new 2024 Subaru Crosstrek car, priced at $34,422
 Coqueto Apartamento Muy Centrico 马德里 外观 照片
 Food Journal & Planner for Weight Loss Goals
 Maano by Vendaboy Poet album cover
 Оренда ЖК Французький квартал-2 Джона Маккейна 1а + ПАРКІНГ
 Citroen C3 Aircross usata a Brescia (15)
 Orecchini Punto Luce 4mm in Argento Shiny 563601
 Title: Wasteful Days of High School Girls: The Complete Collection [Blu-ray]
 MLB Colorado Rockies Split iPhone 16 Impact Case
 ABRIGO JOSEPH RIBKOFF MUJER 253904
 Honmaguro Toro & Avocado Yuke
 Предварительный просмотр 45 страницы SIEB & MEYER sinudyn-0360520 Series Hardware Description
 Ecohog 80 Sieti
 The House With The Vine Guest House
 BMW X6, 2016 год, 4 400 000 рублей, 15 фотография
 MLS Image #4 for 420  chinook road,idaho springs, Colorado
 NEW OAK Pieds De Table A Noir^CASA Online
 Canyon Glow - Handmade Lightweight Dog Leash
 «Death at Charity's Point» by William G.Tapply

------------------------------------

Each line in the data that holds the string "Colorado" should be found and copied.

### THE ANSWER
 MLB Colorado Rockies Split iPhone 16 Impact Case
 MLS Image #4 for 420  chinook road,idaho springs, Colorado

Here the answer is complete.